The instructor, a big man with close cropped white hair cut in a balding haloed flattop named Lou Loose, looked at Joe as though he was being forced to drink pickle juice. “You’re Kleen, right? The point of corporal punishment is not to use it, it’s to have it available to use. How you think you’re going to keep thirty plus rutty, rowdy, rambunctious high school kids in line? With pleases and thank yous? Use corporal punishment once in front of the class at the beginning of the school year and you’ll likely not have to use it again the rest of the year. We do things a little different down here than they do from where you come from, son.”

Joe looked at the line of juvenile detainees sitting on the line. In the ten minutes they had been outside it had snaked in length from four to five to six children. Scanning the area he was assigned he saw that the two boys he had admonished for climbing up the slide at the beginning of recess were now picking up mulch from the landscaped area adjacent to the playground equipment and throwing it at one another. “Hey! You two,” he hollered, “drop that and come here. Now!”
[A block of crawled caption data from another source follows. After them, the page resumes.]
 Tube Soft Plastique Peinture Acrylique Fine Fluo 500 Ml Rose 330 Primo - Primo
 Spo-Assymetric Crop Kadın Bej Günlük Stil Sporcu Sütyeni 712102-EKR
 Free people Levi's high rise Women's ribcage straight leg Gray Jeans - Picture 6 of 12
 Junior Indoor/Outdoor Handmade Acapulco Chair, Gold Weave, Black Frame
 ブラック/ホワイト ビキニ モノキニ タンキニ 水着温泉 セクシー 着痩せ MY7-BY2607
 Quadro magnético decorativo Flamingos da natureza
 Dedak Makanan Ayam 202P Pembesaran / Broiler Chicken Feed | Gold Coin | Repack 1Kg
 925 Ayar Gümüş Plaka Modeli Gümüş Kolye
The boys froze, looked at one another, pointed to themselves and the taller of the two asked, “Us?”

“No. The other two boys that are throwing mulch. Yes, you! Get over here.”

Shoulders down they plodded to where Joe stood. The one who had spoken earlier asked, “Yes, sir?”
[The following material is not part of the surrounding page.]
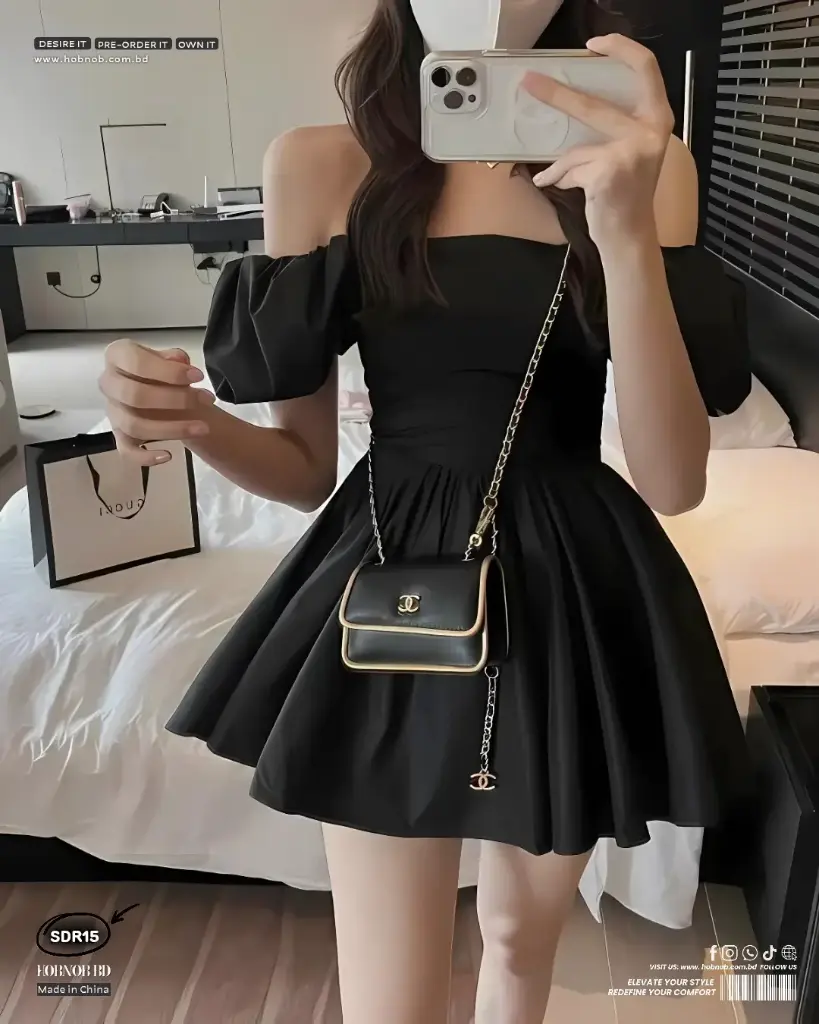 French One-Shoulder Clavicle Toast Short Dress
“Yes, sir? Is that all you’ve got? What are your names?”

“I’m Bobby Lee and that’s-”

“Whoa, whoa, whoa. He can speak for himself, Bobby Lee. What’s your name?”

“William,” the boy whispered.

“You got a last name, William?”

Still whispering he answered, “Yes, sir.”
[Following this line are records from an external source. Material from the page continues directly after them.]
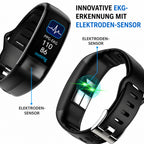 Smartwatch ECG, Blood Pressure & Sleep Tracking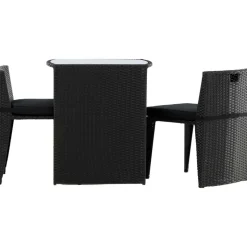 VENTURE HOME - Ensemble table et 2 chaises en résine tressée savanna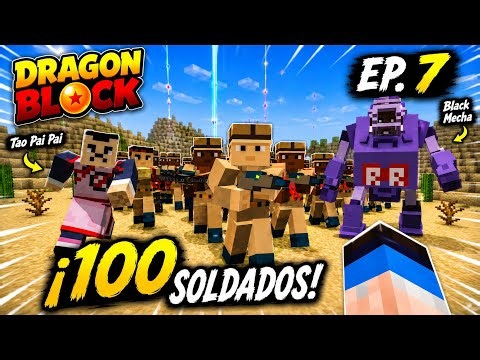 ¡ACABÉ CON TODA LA PATRULLA ROJA! Dragon Block Ep. 7 | Minecraft Java 1.7.10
Joe hesitated for a second as he tried to figure out if William was being impertinent or simply answering his question literally. “And what is your last name?”


“I see. So, Bobby Lee and William Hatch, what do you two think you were doing there?”

Bobby Lee hung his head and William followed suit, “Nothing,” the tall boy said.

“Nothing? What, I called you over here for no reason? Why were you throwing mulch?”

“We were just playing,” Bobby Lee said.

“You know you’re not supposed to throw things at each other. William, why do you let him lead you astray?”

“Will,” the shorter boy replied. “Sorry.”

“Pardon?” Joe asked.

“He likes to be called Will, sir.”

“So what do you think we should do about this?”

“Make us go sit on the line?” Bobby Lee suggested.

“We could do that,” Joe replied, “or we could race from one end of the playground to the other. Which would you prefer?”

Will and Bobby looked at one another and Will whispered something in Bobby’s ear that Joe couldn’t quite catch. “Really?” Bobby asked.

“It’s up to you. What do you want to do?”

“Run!” Bobby Lee said emphatically.

“Okay,” Joe responded. “And what about you, Will? Run or sit?”

“Run?” he whispered.

“Then let’s run, boys. We’ll start on this end, rune to the white line there, touch the line with our hand and run back. Deal?”


“Will? Deal”

“Deal,” he whispered, eyes averted.

They lined up on the white perimeter playground line and Joe said, “Ready, set, go!” He stood there as the two boys took off, arms pumping, heads back and legs churning. After a second he took off after them, easily caught the children, stayed behind them, slapped the white line with his hand and stayed just behind Will as Bobby accelerated ahead of them. With twenty feet to go Joe grabbed Will in his arms and laughing uproariously lifted the shy boy and carried him across the finish line one step ahead of Bobby.

Breathing hard from his exertion and laughter Joe said, “Okay? No more throwing mulch!”

Smiling broadly Will said, “No, sir!”

Miss Potthof blew her whistle long and hard and shouted, “Line up! Line up!”

Joe looked at Bobby and Will and said, “Looks like we’d better line up, huh?”